If Levin's bill is passed, it will prohibit misleading statements on these mailings, require more disclosure, impose a civil penalty of $10,000 for each deceptive mailing and give the Postal Service the tools to pursue offenders.
For example, under this proposed act the Postal Service will be able to issue regulations to restrict misleading language as well as update those regulations in order to keep them effective against the schemes. The bill also will give the Postal Service the subpoena power to respond quickly, and require sweepstakes mailings to disclose the chances of winning and to make a clear statement that a purchase is not required to win.
"Complaints about these mailings are one of the top ten consumer complaints in the nation. I have received numerous complaints from my constituents in Michigan asking that something be done to provide relief from these mailings. Senior citizens are particular targets of these schemes because they are the most vulnerable, " Sen. Levin said in a statement. "While State Attorneys General have taken action and entered into agreements to end the most egregious practices against many of the companies that use deceptive mailings, these companies continue their deceptive practices in other states that don't have an agreement. Consequently, federal legislation is needed."

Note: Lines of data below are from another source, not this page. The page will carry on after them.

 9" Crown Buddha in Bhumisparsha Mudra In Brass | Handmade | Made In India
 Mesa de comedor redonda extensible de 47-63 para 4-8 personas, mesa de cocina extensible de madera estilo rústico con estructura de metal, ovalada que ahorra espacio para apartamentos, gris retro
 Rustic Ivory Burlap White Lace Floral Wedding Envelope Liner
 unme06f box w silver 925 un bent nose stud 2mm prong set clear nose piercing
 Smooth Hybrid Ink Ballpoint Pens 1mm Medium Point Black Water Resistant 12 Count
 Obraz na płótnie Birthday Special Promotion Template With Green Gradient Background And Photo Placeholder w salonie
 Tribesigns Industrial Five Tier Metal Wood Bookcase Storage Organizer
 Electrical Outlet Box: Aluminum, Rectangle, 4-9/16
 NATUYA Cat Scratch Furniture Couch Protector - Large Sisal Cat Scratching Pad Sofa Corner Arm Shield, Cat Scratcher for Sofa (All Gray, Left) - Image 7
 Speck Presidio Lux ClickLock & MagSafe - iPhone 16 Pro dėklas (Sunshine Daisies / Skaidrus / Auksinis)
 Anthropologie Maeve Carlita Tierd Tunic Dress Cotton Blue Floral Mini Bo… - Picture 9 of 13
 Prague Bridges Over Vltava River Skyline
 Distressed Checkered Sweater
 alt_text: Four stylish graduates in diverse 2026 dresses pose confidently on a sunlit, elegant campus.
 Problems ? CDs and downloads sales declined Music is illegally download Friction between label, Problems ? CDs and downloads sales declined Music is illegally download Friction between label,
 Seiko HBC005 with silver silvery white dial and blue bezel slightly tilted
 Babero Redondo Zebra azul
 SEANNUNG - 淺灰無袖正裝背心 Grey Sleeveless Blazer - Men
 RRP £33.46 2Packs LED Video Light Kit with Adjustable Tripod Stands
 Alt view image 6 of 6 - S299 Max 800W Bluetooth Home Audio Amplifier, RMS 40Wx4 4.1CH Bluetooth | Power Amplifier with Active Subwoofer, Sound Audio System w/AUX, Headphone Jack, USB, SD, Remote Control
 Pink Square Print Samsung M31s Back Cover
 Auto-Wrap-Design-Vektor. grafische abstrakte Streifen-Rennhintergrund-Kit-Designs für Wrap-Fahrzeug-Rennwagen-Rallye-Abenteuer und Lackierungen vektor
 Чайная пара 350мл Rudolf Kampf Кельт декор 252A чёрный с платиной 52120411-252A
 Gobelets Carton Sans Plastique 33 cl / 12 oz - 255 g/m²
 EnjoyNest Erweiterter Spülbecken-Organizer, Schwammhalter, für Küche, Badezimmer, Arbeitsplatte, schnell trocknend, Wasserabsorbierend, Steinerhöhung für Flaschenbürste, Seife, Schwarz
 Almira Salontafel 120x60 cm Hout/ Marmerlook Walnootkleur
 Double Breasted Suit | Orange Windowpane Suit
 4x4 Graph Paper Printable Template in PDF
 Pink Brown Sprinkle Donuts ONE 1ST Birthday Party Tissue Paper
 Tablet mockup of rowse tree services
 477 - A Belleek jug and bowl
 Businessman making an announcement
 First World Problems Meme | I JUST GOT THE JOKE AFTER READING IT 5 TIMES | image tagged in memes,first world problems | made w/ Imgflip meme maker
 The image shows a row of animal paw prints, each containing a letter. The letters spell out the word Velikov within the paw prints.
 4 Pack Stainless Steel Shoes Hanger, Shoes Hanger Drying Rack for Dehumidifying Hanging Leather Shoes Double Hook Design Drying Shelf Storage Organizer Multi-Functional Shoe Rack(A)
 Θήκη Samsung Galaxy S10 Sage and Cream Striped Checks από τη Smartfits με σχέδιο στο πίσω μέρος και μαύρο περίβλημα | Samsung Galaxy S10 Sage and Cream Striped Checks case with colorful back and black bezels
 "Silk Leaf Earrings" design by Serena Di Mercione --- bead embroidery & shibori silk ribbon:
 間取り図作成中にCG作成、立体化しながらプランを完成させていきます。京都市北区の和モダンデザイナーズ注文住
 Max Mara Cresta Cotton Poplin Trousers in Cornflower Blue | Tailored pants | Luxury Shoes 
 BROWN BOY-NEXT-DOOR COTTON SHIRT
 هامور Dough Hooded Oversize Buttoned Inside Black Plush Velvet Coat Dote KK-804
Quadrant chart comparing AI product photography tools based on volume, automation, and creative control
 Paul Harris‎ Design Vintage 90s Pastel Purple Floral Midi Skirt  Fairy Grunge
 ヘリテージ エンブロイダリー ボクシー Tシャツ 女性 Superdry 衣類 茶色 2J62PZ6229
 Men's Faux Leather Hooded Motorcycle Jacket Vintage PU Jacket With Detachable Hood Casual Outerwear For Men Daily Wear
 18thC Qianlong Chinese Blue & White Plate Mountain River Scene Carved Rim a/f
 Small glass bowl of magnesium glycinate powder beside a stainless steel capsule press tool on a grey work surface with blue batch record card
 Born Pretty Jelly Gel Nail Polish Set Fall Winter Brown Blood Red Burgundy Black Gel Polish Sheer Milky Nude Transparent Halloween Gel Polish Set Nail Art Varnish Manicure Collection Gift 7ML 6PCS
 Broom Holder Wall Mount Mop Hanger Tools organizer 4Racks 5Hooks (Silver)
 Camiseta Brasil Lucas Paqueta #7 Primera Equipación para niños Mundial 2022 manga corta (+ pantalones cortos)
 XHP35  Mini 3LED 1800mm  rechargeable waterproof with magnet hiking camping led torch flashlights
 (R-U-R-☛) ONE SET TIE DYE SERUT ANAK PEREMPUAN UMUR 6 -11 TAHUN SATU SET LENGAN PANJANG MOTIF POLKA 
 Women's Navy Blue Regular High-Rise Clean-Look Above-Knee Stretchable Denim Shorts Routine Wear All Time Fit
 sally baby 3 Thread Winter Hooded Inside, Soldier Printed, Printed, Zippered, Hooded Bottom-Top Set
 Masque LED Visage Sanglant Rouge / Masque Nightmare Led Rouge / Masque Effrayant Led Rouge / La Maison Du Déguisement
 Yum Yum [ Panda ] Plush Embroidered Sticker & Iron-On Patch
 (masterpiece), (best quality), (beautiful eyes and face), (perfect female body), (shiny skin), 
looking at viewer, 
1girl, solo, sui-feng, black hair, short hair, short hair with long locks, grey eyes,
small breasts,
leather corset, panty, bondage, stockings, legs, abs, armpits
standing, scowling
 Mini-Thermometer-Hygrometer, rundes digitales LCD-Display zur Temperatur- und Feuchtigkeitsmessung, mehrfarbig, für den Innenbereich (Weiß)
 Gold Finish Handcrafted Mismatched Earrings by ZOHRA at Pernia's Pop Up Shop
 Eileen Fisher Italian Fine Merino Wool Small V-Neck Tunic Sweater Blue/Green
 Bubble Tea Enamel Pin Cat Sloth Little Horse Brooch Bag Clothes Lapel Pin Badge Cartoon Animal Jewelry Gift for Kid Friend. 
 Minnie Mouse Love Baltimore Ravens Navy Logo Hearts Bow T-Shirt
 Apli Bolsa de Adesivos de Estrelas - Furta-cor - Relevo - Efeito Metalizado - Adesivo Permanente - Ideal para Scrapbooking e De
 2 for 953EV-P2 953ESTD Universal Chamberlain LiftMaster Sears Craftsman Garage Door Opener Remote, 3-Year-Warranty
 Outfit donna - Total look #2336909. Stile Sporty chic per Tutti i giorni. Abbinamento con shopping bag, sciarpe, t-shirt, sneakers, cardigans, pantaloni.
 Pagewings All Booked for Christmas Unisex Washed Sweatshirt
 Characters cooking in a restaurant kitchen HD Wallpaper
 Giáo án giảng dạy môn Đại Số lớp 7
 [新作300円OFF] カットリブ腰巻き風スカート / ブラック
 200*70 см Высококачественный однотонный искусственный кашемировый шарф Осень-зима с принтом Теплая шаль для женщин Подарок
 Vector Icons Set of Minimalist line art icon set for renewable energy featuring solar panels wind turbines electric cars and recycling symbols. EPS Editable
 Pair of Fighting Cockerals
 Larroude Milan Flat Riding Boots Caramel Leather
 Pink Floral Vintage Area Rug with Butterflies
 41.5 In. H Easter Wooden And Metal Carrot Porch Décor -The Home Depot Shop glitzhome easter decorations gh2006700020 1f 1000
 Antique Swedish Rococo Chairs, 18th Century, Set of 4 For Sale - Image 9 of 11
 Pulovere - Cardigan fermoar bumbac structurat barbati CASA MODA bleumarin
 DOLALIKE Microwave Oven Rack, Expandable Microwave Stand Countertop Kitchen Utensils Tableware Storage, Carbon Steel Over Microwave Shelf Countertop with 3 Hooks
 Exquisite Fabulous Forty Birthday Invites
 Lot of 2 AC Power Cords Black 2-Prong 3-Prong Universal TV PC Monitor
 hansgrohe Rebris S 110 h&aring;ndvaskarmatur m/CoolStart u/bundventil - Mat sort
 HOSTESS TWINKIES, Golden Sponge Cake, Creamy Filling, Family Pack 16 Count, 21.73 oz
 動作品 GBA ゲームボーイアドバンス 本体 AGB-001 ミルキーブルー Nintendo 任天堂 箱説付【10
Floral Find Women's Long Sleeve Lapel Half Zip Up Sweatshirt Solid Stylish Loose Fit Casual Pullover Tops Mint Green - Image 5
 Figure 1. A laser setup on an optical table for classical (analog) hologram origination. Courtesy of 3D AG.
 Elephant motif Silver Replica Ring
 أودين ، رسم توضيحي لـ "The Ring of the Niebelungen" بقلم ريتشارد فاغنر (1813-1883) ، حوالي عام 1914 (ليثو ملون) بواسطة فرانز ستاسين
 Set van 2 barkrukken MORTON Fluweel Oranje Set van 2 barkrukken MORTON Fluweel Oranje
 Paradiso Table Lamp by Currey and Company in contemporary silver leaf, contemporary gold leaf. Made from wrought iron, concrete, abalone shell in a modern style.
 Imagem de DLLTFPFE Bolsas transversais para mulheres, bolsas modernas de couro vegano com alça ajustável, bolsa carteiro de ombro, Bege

The bill is similar to legislation Levin introduced in the last Congress, and is cosponsored by Sen. Richard Durbin (D-IL) and Sen. Susan Collins (R-ME).
Sen. Collins' bill, called The Deceptive Mail Prevention and Enforcement Act, is "designed to stem the tide of deceptive mailings that are flooding the mailboxes of the people of Maine and the throughout the country."
Collins bill would prohibit mailings from resembling official government documents or creating the impression that the mailing is connected with or endorsed by the federal government. It would also give the U.S. Postal Inspection Service subpoena powers to probe fraudulent sweepstakes operations and subject violators to graduated civil penalties of between $50,000 and $2 million, depending on the size of the mailings.
Sen. Collins was joined in introducing the bill by Sen. Thad Cochran (R-MA), chairman of the International, Security and Proliferation and Federal Services Subcommittee, which has legislative jurisdiction over the issues covered in the bill. Sens. Levin and Durbin also joined in cosponsoring the Collins-Cochran legislation.
The Senate Governmental Affairs Committee's Permanent Subcommittee
on Investigations is expected to hold additional hearings in early March on the impact these deceptive practices have had on the American people, particularly the elderly.